(Stored records)
= = = = = = =

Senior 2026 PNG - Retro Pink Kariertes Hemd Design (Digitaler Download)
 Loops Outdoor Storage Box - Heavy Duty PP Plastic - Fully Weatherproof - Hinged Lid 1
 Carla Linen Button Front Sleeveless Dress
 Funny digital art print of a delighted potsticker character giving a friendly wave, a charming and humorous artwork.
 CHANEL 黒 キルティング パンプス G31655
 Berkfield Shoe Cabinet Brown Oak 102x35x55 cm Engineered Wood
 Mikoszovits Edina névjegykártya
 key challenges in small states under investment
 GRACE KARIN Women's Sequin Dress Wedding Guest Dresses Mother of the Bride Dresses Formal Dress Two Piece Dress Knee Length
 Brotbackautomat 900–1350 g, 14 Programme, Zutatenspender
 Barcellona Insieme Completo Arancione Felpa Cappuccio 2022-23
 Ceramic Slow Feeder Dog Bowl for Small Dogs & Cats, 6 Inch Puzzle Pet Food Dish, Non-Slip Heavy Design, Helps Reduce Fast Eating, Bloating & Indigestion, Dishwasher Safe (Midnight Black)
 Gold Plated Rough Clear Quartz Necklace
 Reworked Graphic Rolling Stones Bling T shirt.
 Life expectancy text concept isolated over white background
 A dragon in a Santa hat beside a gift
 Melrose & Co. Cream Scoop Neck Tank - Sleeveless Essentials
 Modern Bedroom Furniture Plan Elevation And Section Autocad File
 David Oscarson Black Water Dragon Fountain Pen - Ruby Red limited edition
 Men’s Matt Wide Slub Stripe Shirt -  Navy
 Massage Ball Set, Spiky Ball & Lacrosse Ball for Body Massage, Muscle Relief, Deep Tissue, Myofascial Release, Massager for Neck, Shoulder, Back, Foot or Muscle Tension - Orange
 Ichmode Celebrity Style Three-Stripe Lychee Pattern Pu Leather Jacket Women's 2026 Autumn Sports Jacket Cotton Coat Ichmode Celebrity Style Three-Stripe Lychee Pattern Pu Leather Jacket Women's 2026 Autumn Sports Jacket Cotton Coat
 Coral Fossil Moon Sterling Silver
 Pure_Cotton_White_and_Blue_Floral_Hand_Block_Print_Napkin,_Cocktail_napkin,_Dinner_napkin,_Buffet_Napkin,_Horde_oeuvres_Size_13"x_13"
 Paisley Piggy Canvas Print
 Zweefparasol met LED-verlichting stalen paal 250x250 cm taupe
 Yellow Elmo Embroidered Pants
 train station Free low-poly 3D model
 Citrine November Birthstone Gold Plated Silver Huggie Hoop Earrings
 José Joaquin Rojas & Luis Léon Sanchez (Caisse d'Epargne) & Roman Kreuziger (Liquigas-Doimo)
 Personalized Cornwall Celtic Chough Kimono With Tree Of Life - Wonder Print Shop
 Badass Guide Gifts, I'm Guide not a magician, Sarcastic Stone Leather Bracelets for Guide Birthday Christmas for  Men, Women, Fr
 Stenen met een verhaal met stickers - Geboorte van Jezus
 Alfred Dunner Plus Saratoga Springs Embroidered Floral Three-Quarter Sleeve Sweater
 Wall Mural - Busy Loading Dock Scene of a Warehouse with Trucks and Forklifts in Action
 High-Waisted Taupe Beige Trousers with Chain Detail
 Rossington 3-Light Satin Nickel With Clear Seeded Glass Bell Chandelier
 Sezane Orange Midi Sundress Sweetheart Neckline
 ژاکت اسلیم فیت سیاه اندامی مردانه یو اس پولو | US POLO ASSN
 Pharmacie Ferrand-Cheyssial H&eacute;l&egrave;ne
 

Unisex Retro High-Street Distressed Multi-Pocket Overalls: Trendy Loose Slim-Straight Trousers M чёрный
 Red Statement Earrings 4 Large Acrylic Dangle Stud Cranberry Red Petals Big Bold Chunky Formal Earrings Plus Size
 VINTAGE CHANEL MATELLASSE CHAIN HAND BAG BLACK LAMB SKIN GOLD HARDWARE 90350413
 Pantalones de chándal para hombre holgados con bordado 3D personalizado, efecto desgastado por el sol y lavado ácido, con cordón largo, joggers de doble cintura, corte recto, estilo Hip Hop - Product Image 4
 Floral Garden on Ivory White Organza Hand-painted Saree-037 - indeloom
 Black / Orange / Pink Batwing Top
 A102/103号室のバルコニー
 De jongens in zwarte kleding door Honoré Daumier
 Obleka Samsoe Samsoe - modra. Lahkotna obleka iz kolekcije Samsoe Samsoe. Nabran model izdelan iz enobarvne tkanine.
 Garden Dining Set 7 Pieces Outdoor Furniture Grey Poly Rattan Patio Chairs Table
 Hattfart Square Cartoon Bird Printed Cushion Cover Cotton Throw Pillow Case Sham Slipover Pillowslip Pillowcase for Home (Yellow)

= = = = = = =

### What the task asks
Take the records above and return, word for word, only the lines that fall from the line with "Life expectancy text" to the line with "Citrine November Birthstone", both of them included.

### Response for this exercise
 Life expectancy text concept isolated over white background
 A dragon in a Santa hat beside a gift
 Melrose & Co. Cream Scoop Neck Tank - Sleeveless Essentials
 Modern Bedroom Furniture Plan Elevation And Section Autocad File
 David Oscarson Black Water Dragon Fountain Pen - Ruby Red limited edition
 Men’s Matt Wide Slub Stripe Shirt -  Navy
 Massage Ball Set, Spiky Ball & Lacrosse Ball for Body Massage, Muscle Relief, Deep Tissue, Myofascial Release, Massager for Neck, Shoulder, Back, Foot or Muscle Tension - Orange
 Ichmode Celebrity Style Three-Stripe Lychee Pattern Pu Leather Jacket Women's 2026 Autumn Sports Jacket Cotton Coat Ichmode Celebrity Style Three-Stripe Lychee Pattern Pu Leather Jacket Women's 2026 Autumn Sports Jacket Cotton Coat
 Coral Fossil Moon Sterling Silver
 Pure_Cotton_White_and_Blue_Floral_Hand_Block_Print_Napkin,_Cocktail_napkin,_Dinner_napkin,_Buffet_Napkin,_Horde_oeuvres_Size_13"x_13"
 Paisley Piggy Canvas Print
 Zweefparasol met LED-verlichting stalen paal 250x250 cm taupe
 Yellow Elmo Embroidered Pants
 train station Free low-poly 3D model
 Citrine November Birthstone Gold Plated Silver Huggie Hoop Earrings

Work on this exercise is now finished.